[WHAT YOU HAVE TO DO]
Output the records below again, precisely as they are written.

[RECORDS FOR THIS TASK]
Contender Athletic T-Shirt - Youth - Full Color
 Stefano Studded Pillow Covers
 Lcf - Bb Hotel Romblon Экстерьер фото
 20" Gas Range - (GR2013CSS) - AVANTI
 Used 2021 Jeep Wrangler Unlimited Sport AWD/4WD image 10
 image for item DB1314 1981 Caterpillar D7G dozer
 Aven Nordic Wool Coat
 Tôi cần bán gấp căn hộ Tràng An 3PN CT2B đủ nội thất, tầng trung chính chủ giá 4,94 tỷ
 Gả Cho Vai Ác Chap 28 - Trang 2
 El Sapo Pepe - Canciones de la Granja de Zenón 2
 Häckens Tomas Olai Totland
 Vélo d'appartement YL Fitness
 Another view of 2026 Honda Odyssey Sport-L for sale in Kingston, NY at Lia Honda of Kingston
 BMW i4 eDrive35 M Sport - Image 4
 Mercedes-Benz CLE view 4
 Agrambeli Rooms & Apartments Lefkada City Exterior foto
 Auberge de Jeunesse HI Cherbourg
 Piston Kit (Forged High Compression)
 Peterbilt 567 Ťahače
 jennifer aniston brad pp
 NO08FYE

[SOLUTION FOR THIS TASK]
Contender Athletic T-Shirt - Youth - Full Color
 Stefano Studded Pillow Covers
 Lcf - Bb Hotel Romblon Экстерьер фото
 20" Gas Range - (GR2013CSS) - AVANTI
 Used 2021 Jeep Wrangler Unlimited Sport AWD/4WD image 10
 image for item DB1314 1981 Caterpillar D7G dozer
 Aven Nordic Wool Coat
 Tôi cần bán gấp căn hộ Tràng An 3PN CT2B đủ nội thất, tầng trung chính chủ giá 4,94 tỷ
 Gả Cho Vai Ác Chap 28 - Trang 2
 El Sapo Pepe - Canciones de la Granja de Zenón 2
 Häckens Tomas Olai Totland
 Vélo d'appartement YL Fitness
 Another view of 2026 Honda Odyssey Sport-L for sale in Kingston, NY at Lia Honda of Kingston
 BMW i4 eDrive35 M Sport - Image 4
 Mercedes-Benz CLE view 4
 Agrambeli Rooms & Apartments Lefkada City Exterior foto
 Auberge de Jeunesse HI Cherbourg
 Piston Kit (Forged High Compression)
 Peterbilt 567 Ťahače
 jennifer aniston brad pp
 NO08FYE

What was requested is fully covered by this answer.